DIY biohazard safety sign posted on the lab doors.
DIY biohazard safety sign posted on the lab doors.

There are three proximate institutions of social control surrounding scientific work, in my view: biosafety, bioethics, and the ethics of research misconduct. This poster is an example of a biosafety rule being operationalized in the lab. It is posted on the doors so you would see it as you exit the lab space to the common area and kitchen. Biosafety essentially aims to contain the materials, reagents, and products of scientific experiments to the lab. Lab managers and principal investigators must fill out detailed forms describing the experiments being done and submit these to the biosafety office at their university. These are then reviewed and evaluated by biosafety experts, who then make recommendations about infrastructure requirements for the spaces where the experiments are conducted and prescribe mandatory training for any personnel conducting those experiments.

Biosafety is a really interesting social institution because it must constantly keep up with new techniques and develop risk frameworks for assessing them. For innovations like CRISPR-Cas9 that are revolutionary, this sometimes requires some finesse. When you consider the modifications being made to bacteria, plants, non-human animals, and human cells, you can bet there is considerable work going into making sure those biologics don’t end up where they aren’t supposed to. Consequently, scientists must follow strict protocols for waste disposal and use the appropriate personal protective equipment (PPE).

But then consider who is doing those experiments. There can sometimes be a disconnect between the official protocols and how they are enacted. This poster captures that disconnect and suggests that more immediate forms of social control might work better in some cases than extensive bureaucratic procedure. Plus, Michael is iconic.

As with any social process, there are bound to be accidents. In the lab I observed, for example, a graduate student accidentally cut himself through his gloves on some broken glass while conducting some genome-editing experiments with lentiviral packaged Cas9. This lentivirus could, in principle, infect any mammalian cell. While he was working under the fume hood, which creates negative pressure to suck up the air where the experiment is being done, there was still a risk that Cas9, which would edit the DNA, could enter his blood stream. He then went to the post-doc he was working under and the lab manager, who advised him to report it to the Office of Environment, Health & Safety (Eh&S). EH&S then told him to go to the student health center. Once at the health center, the grad student with his bandaged hand informed the nurse that his lab was categorized as BSL-3 (biosafety level 3), to which the nurse responded, “What is BSL-3?” He was ultimately fine, as far as we know, but the example shows a further disconnect between the different offices tasked with managing the risks of scientific work.

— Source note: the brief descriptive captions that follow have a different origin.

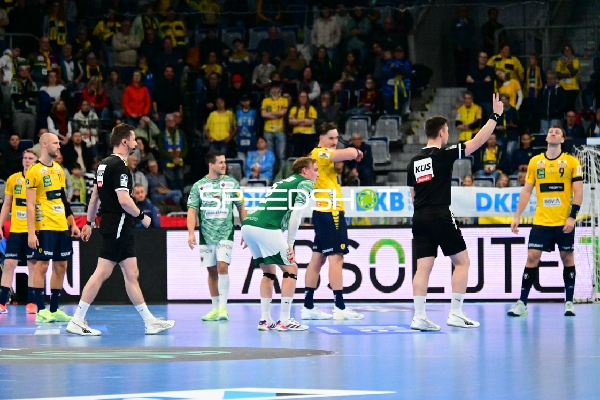 Schiedsrichter zeigt Zeitstrafe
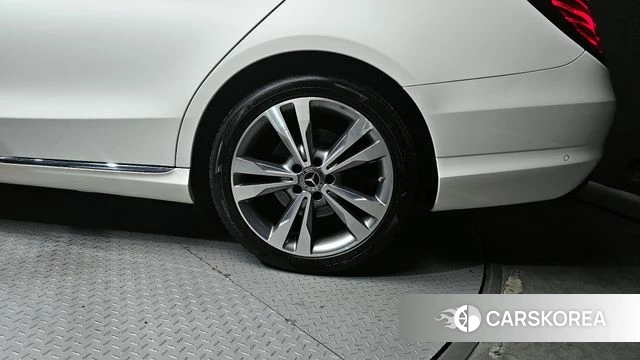 Mercedes-Benz C-Class W205 id 4251342 из Кореи 13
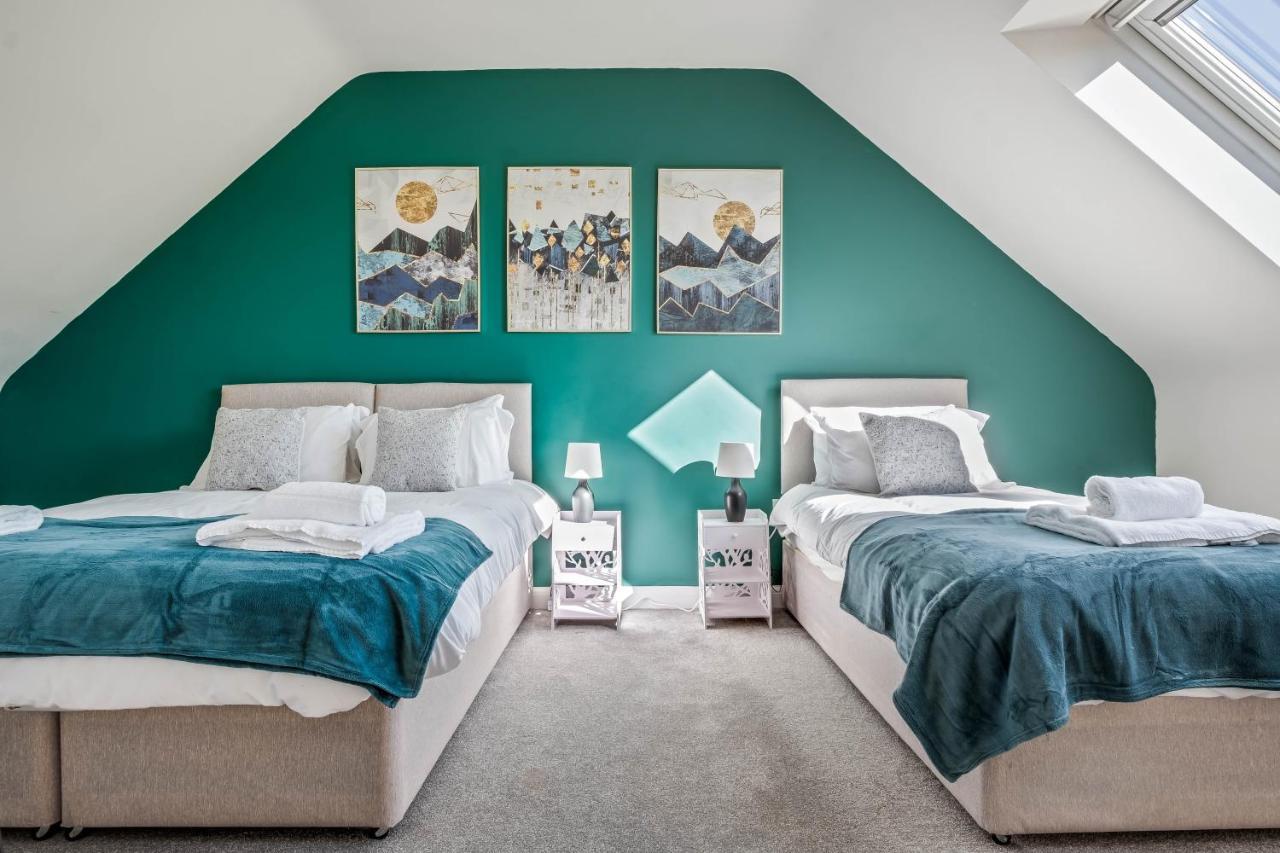 Beautiful And Comfortable Home Away From Home With Free Parking, Fast Wifi And White Crisp Hotel Standard Linen Hosted By Our Home Short Stays 노샘프턴 외부 사진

As genome editing continues to develop as a broader institution in biomedicine, there are going to be accidents, and there is going to be misuse. No number of guidelines or codified norms can prevent that. This is why it is crucial that we continue having debates about the norms governing the use of the CRISPR-Cas9 system, both as a promising clinical technique and as a sociocultural institution. My hope is that these debates will lead to concrete regulatory and legal changes that can more directly shape this technology’s use.